6.02.2005

Thoreau's Journal: 02-Jun-1858

8:30 A.M.—Start for Monadnock.

Between Shirley Village and Lunenburg, I notice, in a meadow on the right hand, close to the railroad, the Kalmia glauca in bloom, as we are whirled past. The conductor says that he has it growing in his garden. Blake joins me at Fitchburg. Between Fitchburg and Troy saw an abundance of wild cherry, now apparently in prime, in full bloom, especially in burnt lands and on hillsides, a small but cheerful lively white bloom.

Arrived at Troy Station at 11.5 and shouldered our knapsacks, steering northeast to the mountain, some four miles off,—its top. It is a pleasant hilly road, leading past farmhouses, where you already begin to snuff the mountain, or at least up-country, air. By the roadside I plucked, now apparently in prime, the Ribes Cynosbati, rather downy leaved, and, near by, the same with smooth berries. I noticed, too, the Salix lucida, by the roadside there on high land; the S. rostrata, etc., were common.

Almost without interruption we had the mountain in sight before us,—its sublime gray mass—that antique, brownish-gray, Ararat color. Probably these crests of the earth are for the most part of one color in all lands, that gray color of antiquity, which nature loves; color of unpainted wood, weather-stain, time-stain; not glaring nor gaudy; the color of all roofs, the color of things that endure, and the color that wears well; color of Egyptian ruins, of mummies and all antiquity; baked in the sun, done brown. Methought I saw the same color with which Ararat and Caucasus and all earth’s brows are stained, which was mixed in antiquity and receives a new coat every century; not scarlet, like the crest of the bragging cock, but that hard, enduring gray; a terrene sky color; solidified air with a tinge of earth.

The red elder was in full bloom by the road, apparently in prime.

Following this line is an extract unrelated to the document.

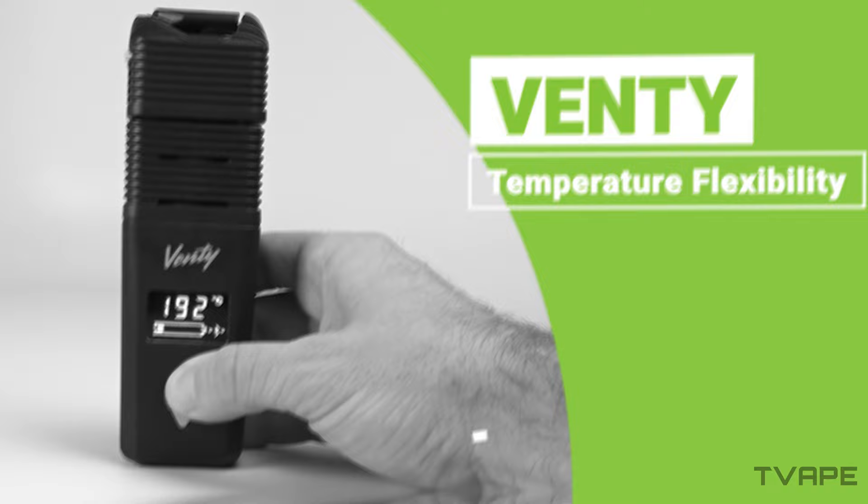Additionally, the Venti is included in the Storz and Bickel app, which gives you a bunch of different options for customization. The Venti can handle a normal range of temperatures — nothing extraordinary — but when it comes to accuracy, that's where it shines. It's not always about the heat; sometimes it's about hitting that sweet spot. The Venti allows you to choose from three temperature settings with great precision thanks to advanced airflow. It's similar to the Mighty in temperature ranges, but more precise.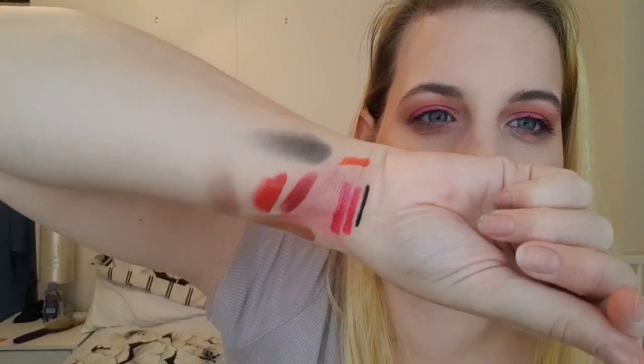Number sixteen is a lip liner, just in quite a pinky shade — oh, it's quite coral. That wouldn't really match any of the shades we've had so far in the lip products.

We left the road at a schoolhouse, and, crossing a meadow, began to ascend gently through very rocky pastures. Previously an old man, a mile back, who lived on a hilltop on the road, pointed out the upper corner of his pasture as a short way up. Said he had not been up for seven years and, looking at our packs, asked “Are you going to carry them up?” “Well,” said he, with a tone of half of pity and half regret, adding, “I shall never go up again.”